Les cinq avocates de la Headfort Foundation assurent gratuitement la défense des plus démunis et font sortir des prisons de Lagos des dizaines de prévenus.

Article rédigé par Jacques Deveaux
France Télévisions
Publié
Temps de lecture : 3min
Des policiers anti-émeutes nigérians conduisent en prison un chef présumé d'un kidnapping, après qu'il a été traduit en justice devant la Haute Cour de l'Etat de Lagos, le 30 août 2017.  (PIUS UTOMI EKPEI / AFP)

Pour leur première année d’activité, elles ont facilité la libération de 100 prisonniers accusés à tort. Elles, ce sont les cinq avocates de la Headfort Foundation, une ONG nigériane créée en mars 2019 par Oluyemi Orija, jeune avocate de Lagos. L’ONG fournit une représentation légale à ceux qui ne peuvent pas se la payer. "J'ai été témoin de plusieurs affaires judiciaires où des personnes sont accusées pour des faits dérisoires, comme casser des caisses d’œufs.
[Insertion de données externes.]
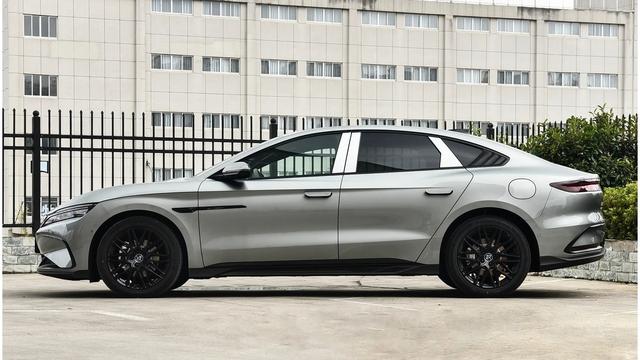 比亚迪汉掀桌子了：你管这245公里的纯电叫“混动”？-有驾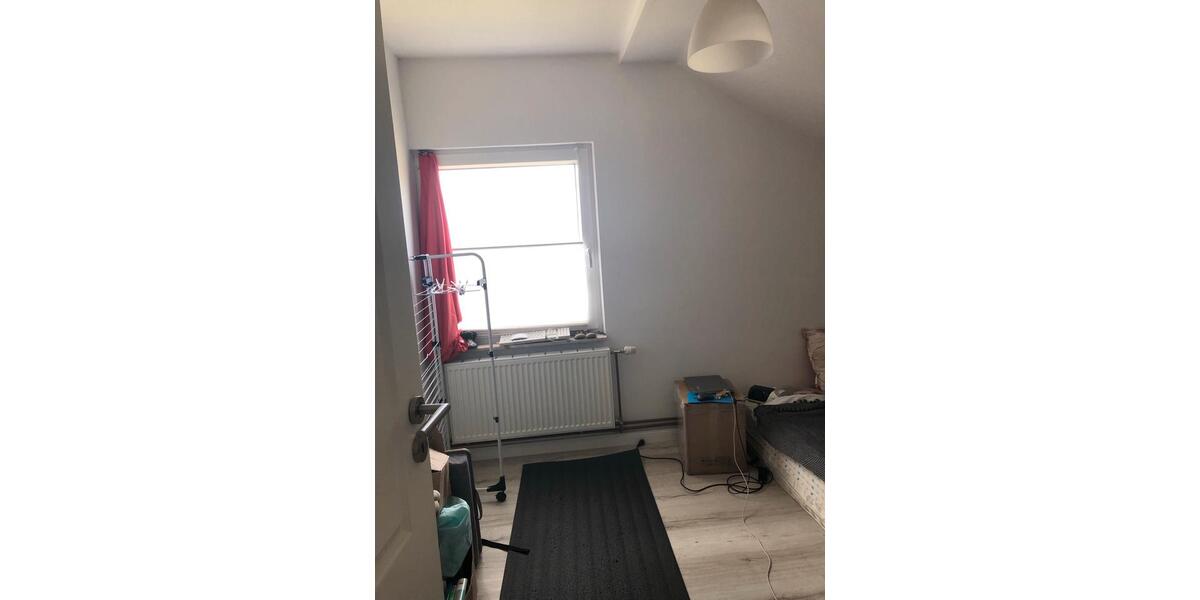 Dachgeschoßwohnung Weyhe - 4 Zimmer, 95 m&sup2;, 810&euro; | Angebot:25907419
Ils sont renvoyés en prison parce qu’ils n’ont pas d’avocats pour les défendre, et ils continuent de croupir en prison", explique l’avocate.

Ainsi Adeolu Lawal, un chauffeur d’autocar de 53 ans, a passé deux ans en prison sans avoir été condamné, en préventive pour avoir lors d’un accident de la route détruit des marchandises dans un magasin. Au Nigeria, l'aide juridictionnelle d'Etat n'existe pas. Celui qui n'a pas les moyens de se payer un avocat peut passer des mois en prison sans qu'on s'intéresse à son cas. Désormais, grâce à la Headfort Foundation qui a travaillé sur son dossier, Adeolu Lawal est libre et attend que son affaire soit jugée.

3 détenus sur 4 en attente de jugement

Le Nigeria est victime d’une surpopulation carcérale qui est la conséquence directe de ces incarcérations injustifiées, selon Oluyemi Orija. "C'est la raison pour laquelle il y a 4 000 détenus dans un établissement d'une capacité de 800 personnes", explique-t-elle au Guardian. Les personnes en attente de jugement y représentent 74% de la population carcérale, soit 51 000 prisonniers aux derniers chiffres.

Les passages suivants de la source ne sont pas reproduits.